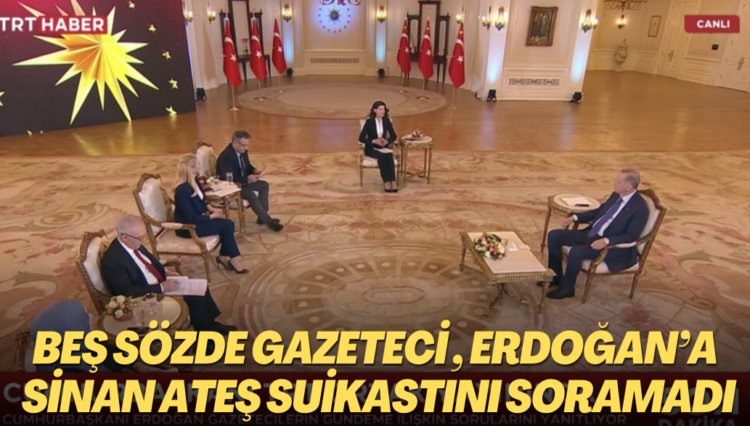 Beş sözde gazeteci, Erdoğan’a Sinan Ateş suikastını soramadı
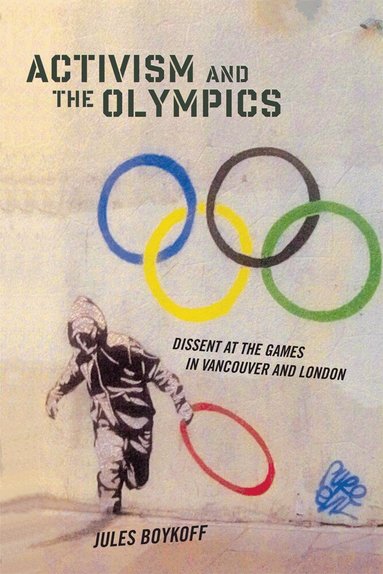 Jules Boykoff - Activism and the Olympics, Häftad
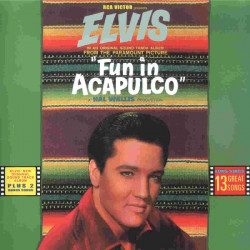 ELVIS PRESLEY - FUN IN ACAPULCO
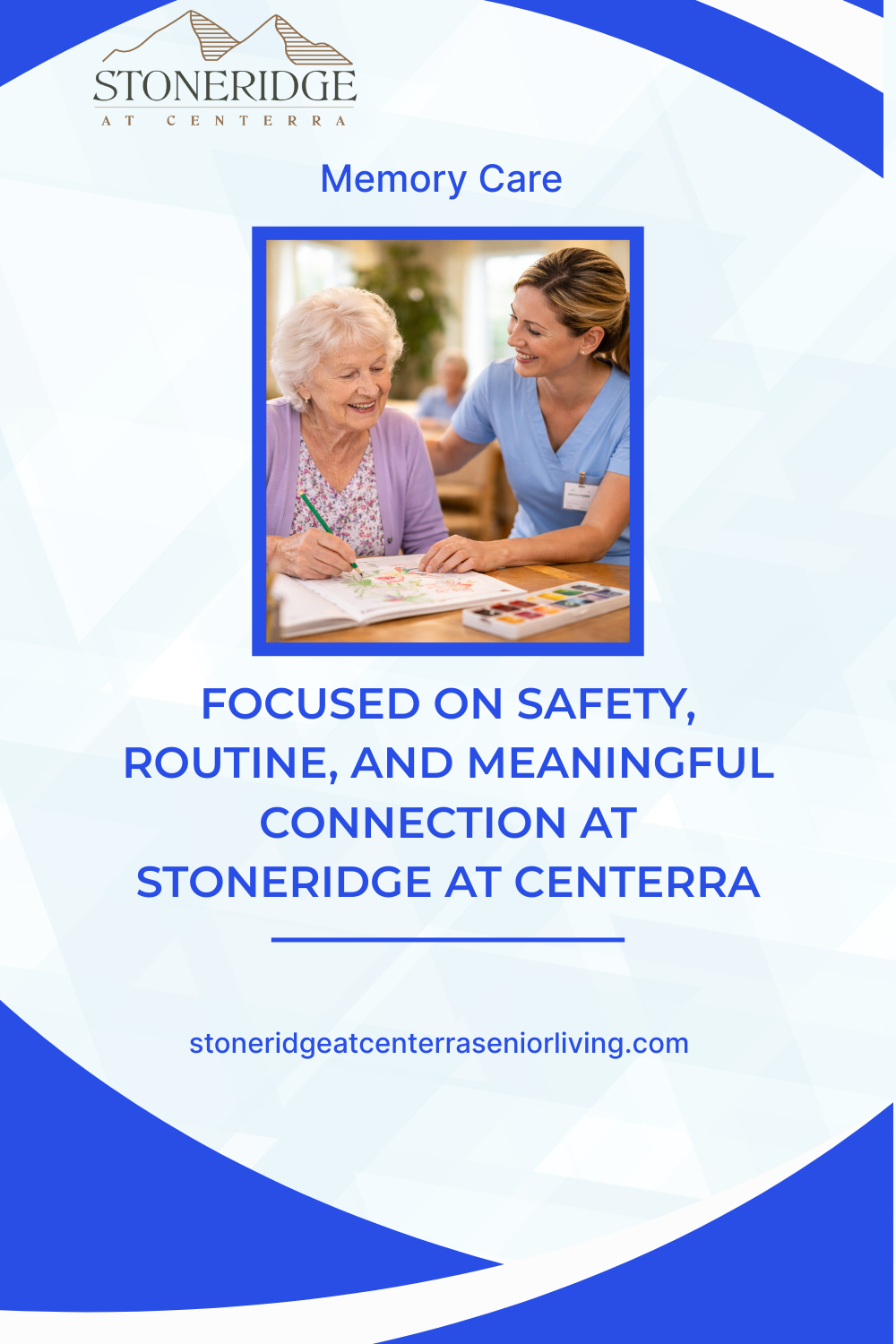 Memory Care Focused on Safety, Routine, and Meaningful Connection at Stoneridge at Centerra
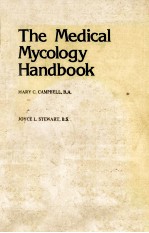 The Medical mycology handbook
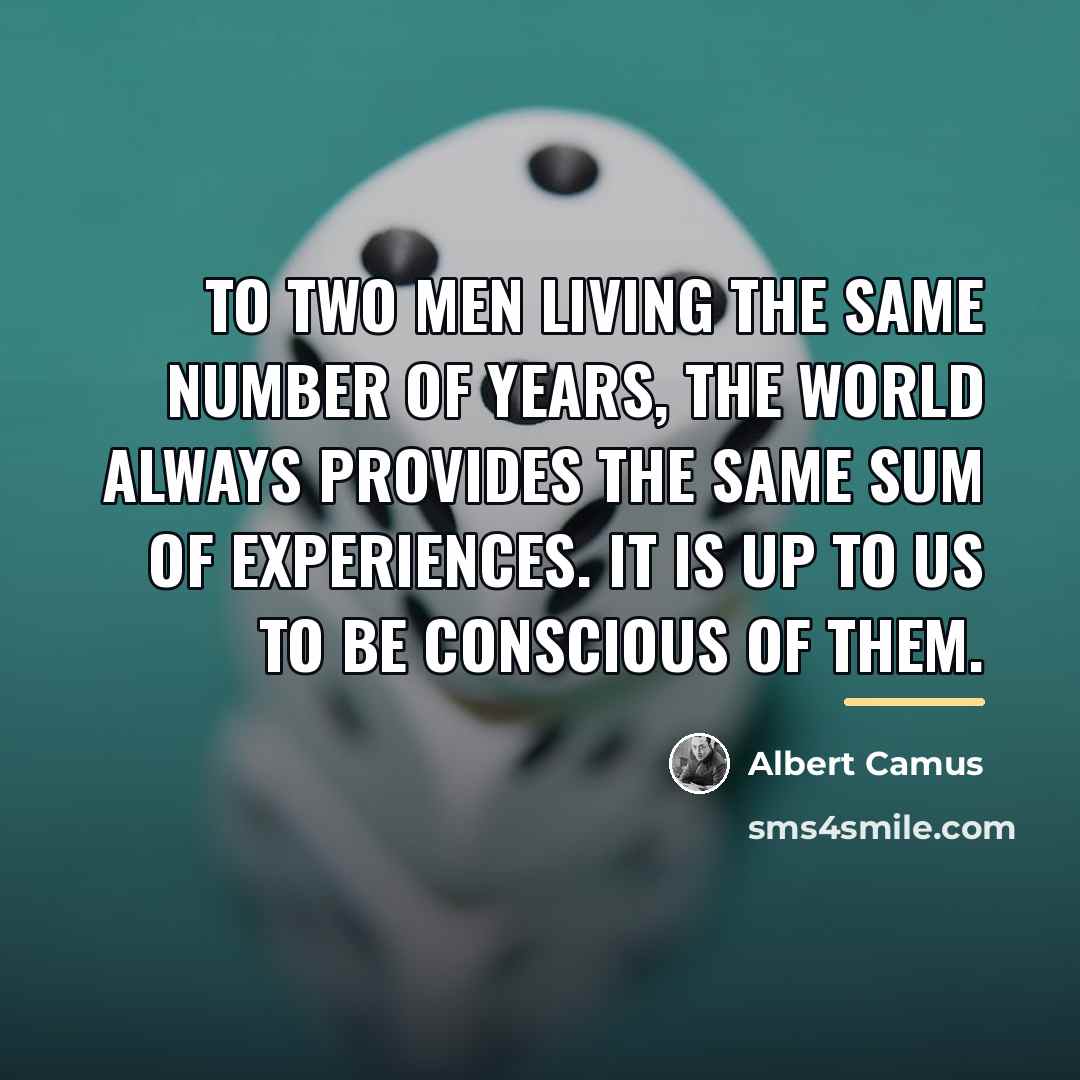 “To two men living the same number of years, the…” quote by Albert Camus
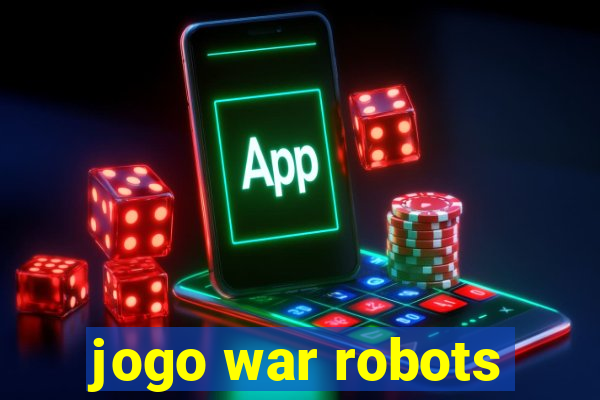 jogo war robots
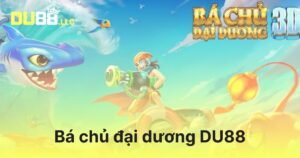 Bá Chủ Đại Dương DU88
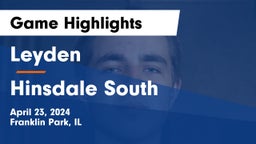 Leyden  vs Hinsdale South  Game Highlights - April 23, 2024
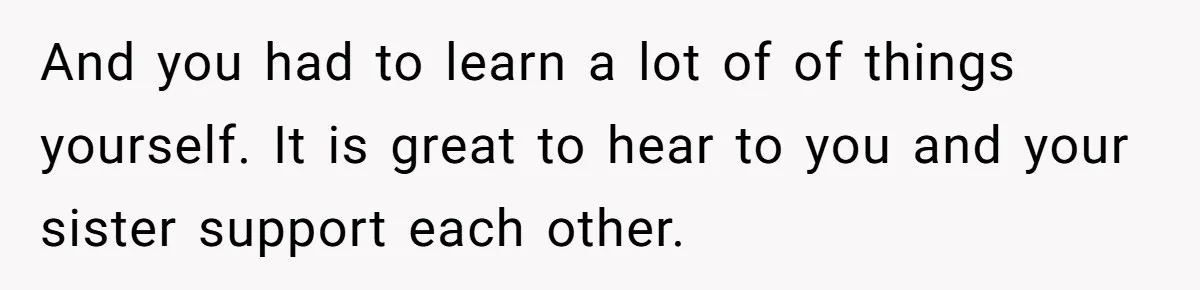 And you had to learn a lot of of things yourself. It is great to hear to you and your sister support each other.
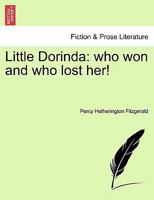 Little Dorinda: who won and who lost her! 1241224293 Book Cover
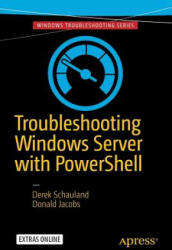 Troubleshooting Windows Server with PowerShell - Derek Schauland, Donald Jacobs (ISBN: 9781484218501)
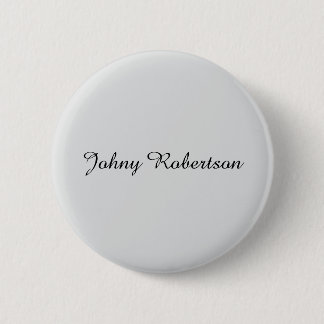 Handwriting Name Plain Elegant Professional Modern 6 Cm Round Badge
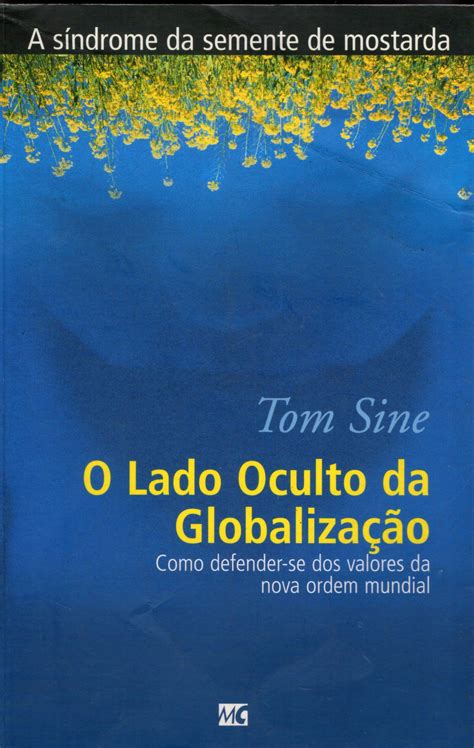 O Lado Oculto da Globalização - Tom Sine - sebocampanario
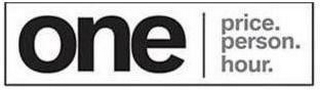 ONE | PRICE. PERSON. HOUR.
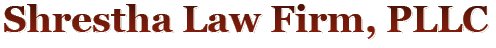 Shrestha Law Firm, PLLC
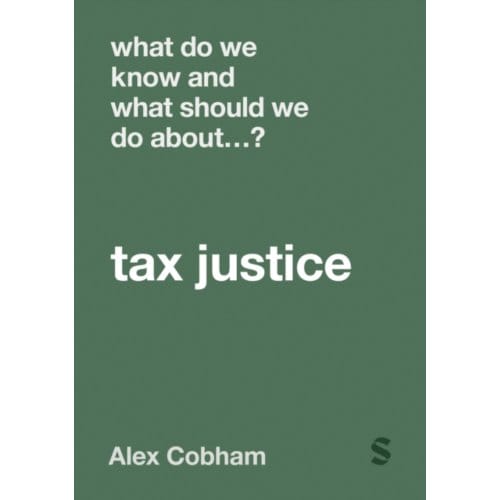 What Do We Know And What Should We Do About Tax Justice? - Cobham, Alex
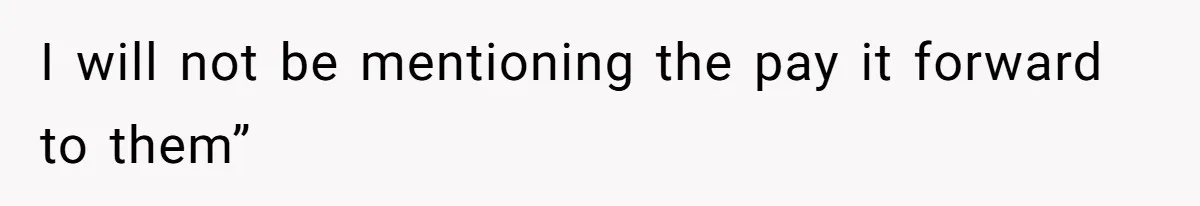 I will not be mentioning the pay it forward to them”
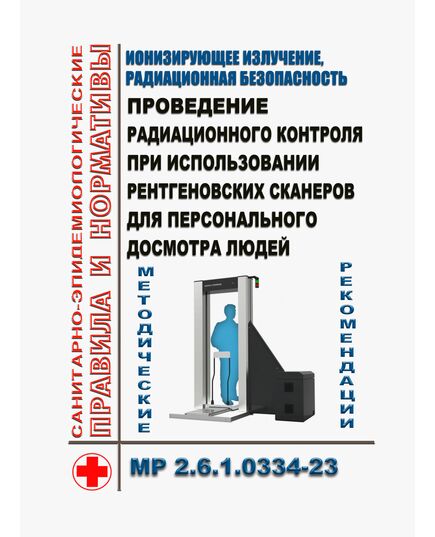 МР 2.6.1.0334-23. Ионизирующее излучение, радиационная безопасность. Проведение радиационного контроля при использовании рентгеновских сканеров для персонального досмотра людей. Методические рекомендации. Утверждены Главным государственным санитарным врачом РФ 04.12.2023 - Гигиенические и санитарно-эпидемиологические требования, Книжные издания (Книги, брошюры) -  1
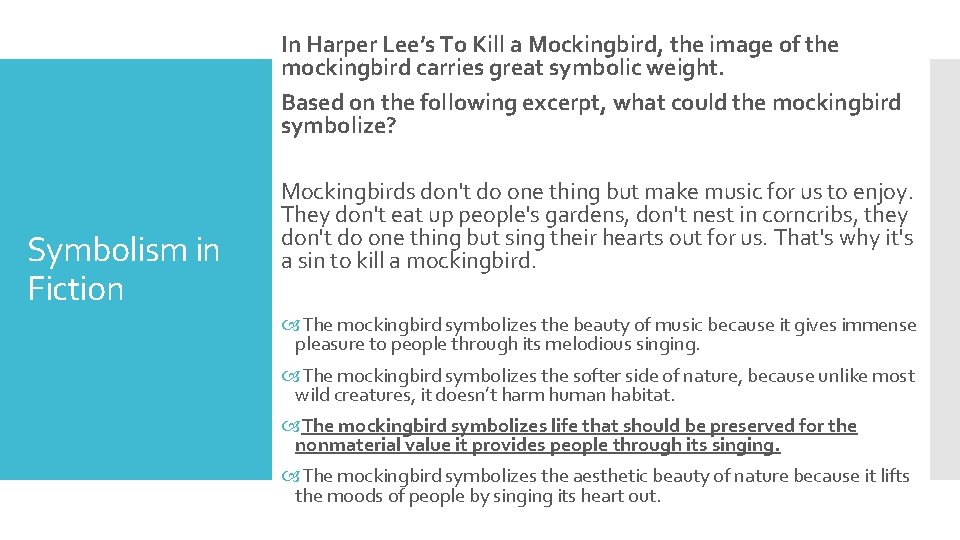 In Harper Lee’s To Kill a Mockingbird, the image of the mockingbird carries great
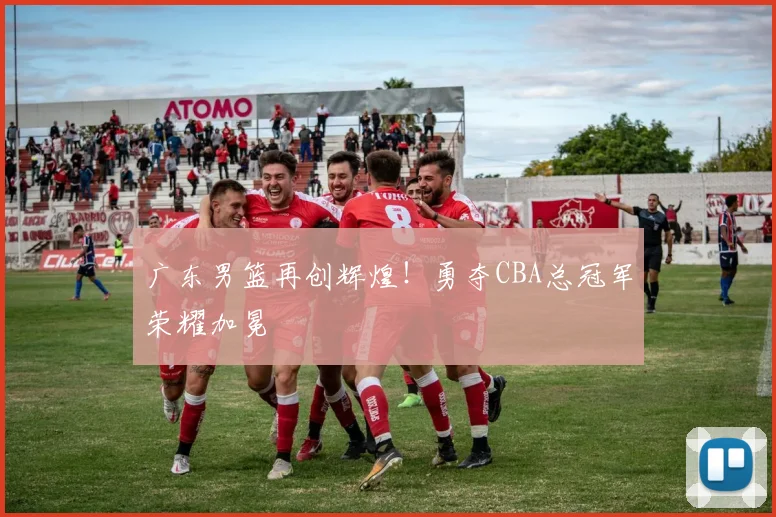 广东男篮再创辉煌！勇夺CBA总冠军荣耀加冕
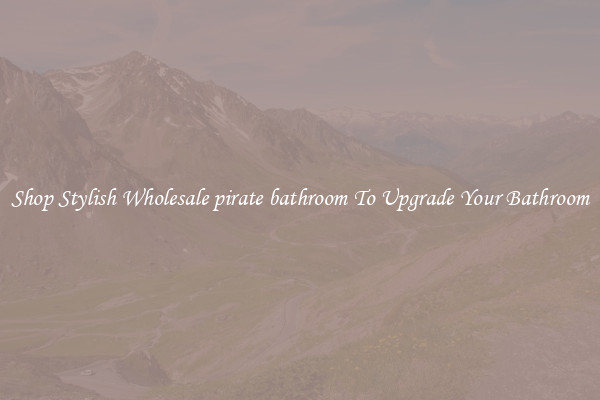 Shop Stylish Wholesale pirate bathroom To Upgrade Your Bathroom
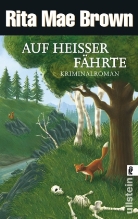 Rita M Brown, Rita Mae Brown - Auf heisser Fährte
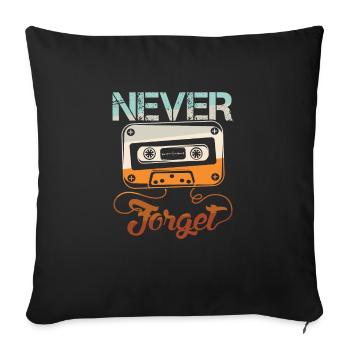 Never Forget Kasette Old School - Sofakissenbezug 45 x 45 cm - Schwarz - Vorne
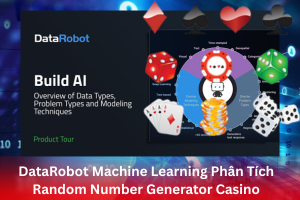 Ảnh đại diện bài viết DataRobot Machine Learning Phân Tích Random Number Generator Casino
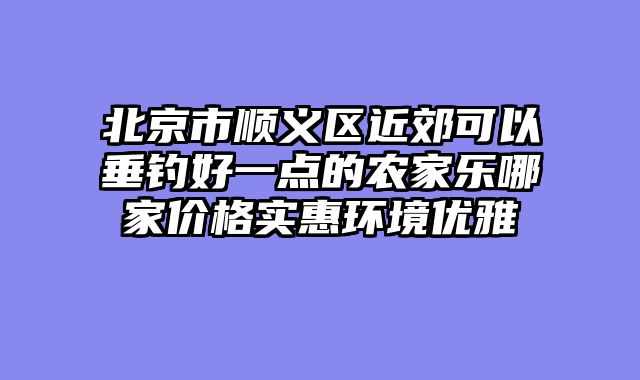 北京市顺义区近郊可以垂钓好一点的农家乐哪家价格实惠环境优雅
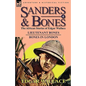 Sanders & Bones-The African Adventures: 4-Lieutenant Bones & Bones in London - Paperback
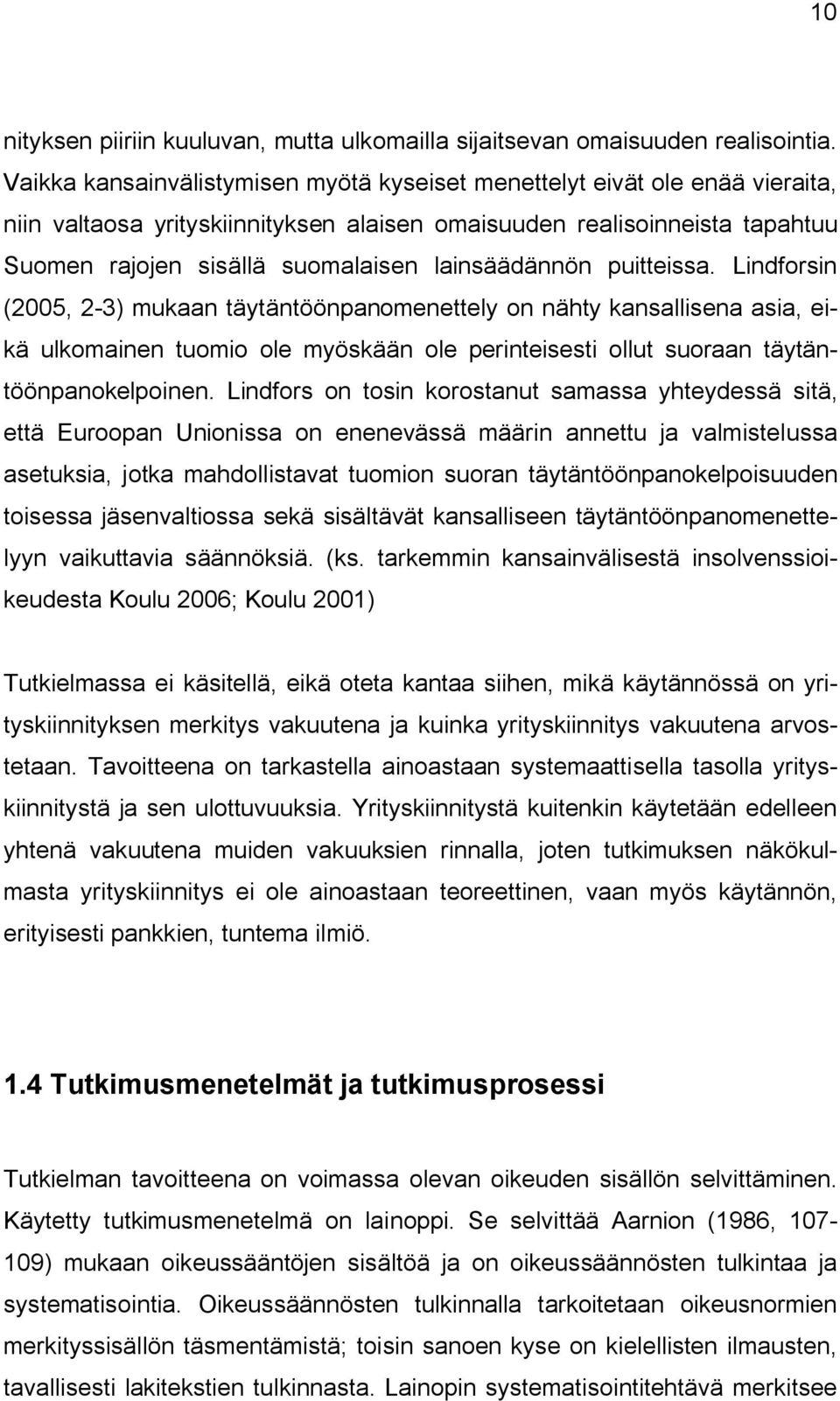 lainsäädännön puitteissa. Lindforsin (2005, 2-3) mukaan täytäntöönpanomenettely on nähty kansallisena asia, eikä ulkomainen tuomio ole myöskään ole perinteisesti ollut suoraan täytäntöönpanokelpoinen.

____________

◆ What this task involves ◆
With the pictures left out, return all the material above exactly.

◆ Response box ◆
 Beş sözde gazeteci, Erdoğan’a Sinan Ateş suikastını soramadı
 Jules Boykoff - Activism and the Olympics, Häftad
 ELVIS PRESLEY - FUN IN ACAPULCO
 Memory Care Focused on Safety, Routine, and Meaningful Connection at Stoneridge at Centerra
 The Medical mycology handbook
 “To two men living the same number of years, the…” quote by Albert Camus
 jogo war robots
 Bá Chủ Đại Dương DU88
 Leyden  vs Hinsdale South  Game Highlights - April 23, 2024
 And you had to learn a lot of of things yourself. It is great to hear to you and your sister support each other.
 Little Dorinda: who won and who lost her! 1241224293 Book Cover
 Troubleshooting Windows Server with PowerShell - Derek Schauland, Donald Jacobs (ISBN: 9781484218501)
 Handwriting Name Plain Elegant Professional Modern 6 Cm Round Badge
 O Lado Oculto da Globalização - Tom Sine - sebocampanario
 ONE | PRICE. PERSON. HOUR.
 Shrestha Law Firm, PLLC
 What Do We Know And What Should We Do About Tax Justice? - Cobham, Alex
 I will not be mentioning the pay it forward to them”
 МР 2.6.1.0334-23. Ионизирующее излучение, радиационная безопасность. Проведение радиационного контроля при использовании рентгеновских сканеров для персонального досмотра людей. Методические рекомендации. Утверждены Главным государственным санитарным врачом РФ 04.12.2023 - Гигиенические и санитарно-эпидемиологические требования, Книжные издания (Книги, брошюры) -  1
 In Harper Lee’s To Kill a Mockingbird, the image of the mockingbird carries great
 广东男篮再创辉煌！勇夺CBA总冠军荣耀加冕
 Shop Stylish Wholesale pirate bathroom To Upgrade Your Bathroom
 Rita M Brown, Rita Mae Brown - Auf heisser Fährte
 Never Forget Kasette Old School - Sofakissenbezug 45 x 45 cm - Schwarz - Vorne
 Ảnh đại diện bài viết DataRobot Machine Learning Phân Tích Random Number Generator Casino
 北京市顺义区近郊可以垂钓好一点的农家乐哪家价格实惠环境优雅
 Sanders & Bones-The African Adventures: 4-Lieutenant Bones & Bones in London - Paperback
 lainsäädännön puitteissa. Lindforsin (2005, 2-3) mukaan täytäntöönpanomenettely on nähty kansallisena asia, eikä ulkomainen tuomio ole myöskään ole perinteisesti ollut suoraan täytäntöönpanokelpoinen.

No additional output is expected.